WHAT THE EXERCISE ASKS:
Your answer must consist of the lines running from the one that holds "Man holding his" to the end of the data, copied exactly.

· · · ·

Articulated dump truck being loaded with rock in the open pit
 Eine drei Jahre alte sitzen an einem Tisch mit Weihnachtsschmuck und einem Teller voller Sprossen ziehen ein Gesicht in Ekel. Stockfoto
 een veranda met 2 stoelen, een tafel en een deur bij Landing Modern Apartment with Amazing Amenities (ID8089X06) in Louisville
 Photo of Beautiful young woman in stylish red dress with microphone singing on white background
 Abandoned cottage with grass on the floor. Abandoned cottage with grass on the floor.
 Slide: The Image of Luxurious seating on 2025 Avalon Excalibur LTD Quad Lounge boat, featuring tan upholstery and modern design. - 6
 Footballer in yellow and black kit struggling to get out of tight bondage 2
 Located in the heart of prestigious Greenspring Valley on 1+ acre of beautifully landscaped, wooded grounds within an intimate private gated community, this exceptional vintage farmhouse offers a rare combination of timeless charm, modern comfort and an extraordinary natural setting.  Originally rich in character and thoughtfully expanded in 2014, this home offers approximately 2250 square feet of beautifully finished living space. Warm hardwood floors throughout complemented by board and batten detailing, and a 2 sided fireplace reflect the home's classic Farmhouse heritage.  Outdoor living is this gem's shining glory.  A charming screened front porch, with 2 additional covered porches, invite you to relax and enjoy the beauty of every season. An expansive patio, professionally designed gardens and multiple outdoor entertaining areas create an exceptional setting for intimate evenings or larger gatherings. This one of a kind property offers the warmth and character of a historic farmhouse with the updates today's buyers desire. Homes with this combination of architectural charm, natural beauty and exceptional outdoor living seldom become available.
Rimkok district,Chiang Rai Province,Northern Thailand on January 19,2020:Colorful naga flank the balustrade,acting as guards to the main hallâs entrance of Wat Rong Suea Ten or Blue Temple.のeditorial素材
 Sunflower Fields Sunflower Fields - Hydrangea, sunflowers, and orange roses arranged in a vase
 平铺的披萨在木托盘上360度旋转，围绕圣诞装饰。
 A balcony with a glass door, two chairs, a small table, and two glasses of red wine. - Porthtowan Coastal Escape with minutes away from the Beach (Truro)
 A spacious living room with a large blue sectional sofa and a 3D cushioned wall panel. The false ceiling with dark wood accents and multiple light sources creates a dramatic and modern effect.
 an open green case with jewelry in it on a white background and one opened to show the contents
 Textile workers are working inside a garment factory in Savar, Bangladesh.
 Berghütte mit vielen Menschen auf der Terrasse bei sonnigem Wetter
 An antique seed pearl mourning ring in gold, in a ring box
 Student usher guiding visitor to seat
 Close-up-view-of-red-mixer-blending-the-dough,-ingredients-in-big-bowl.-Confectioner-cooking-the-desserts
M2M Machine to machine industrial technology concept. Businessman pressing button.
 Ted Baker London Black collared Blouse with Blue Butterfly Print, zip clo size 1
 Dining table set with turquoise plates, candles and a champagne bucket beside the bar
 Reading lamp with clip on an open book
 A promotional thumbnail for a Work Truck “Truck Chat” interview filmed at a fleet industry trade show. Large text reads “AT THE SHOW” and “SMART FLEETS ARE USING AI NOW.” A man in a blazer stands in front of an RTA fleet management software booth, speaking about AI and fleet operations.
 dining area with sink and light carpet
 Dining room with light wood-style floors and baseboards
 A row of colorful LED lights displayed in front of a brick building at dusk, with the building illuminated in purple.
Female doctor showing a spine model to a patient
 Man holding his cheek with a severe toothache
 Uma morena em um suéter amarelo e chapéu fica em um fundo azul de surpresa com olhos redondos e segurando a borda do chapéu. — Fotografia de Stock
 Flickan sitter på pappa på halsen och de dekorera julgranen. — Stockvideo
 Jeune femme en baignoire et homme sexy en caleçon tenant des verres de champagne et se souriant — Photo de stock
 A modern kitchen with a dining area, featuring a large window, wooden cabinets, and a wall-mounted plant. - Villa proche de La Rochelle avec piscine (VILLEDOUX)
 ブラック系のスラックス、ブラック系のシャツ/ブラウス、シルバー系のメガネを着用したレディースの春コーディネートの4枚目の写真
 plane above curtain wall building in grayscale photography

· · · ·

TASK RESPONSE:
 Man holding his cheek with a severe toothache
 Uma morena em um suéter amarelo e chapéu fica em um fundo azul de surpresa com olhos redondos e segurando a borda do chapéu. — Fotografia de Stock
 Flickan sitter på pappa på halsen och de dekorera julgranen. — Stockvideo
 Jeune femme en baignoire et homme sexy en caleçon tenant des verres de champagne et se souriant — Photo de stock
 A modern kitchen with a dining area, featuring a large window, wooden cabinets, and a wall-mounted plant. - Villa proche de La Rochelle avec piscine (VILLEDOUX)
 ブラック系のスラックス、ブラック系のシャツ/ブラウス、シルバー系のメガネを着用したレディースの春コーディネートの4枚目の写真
 plane above curtain wall building in grayscale photography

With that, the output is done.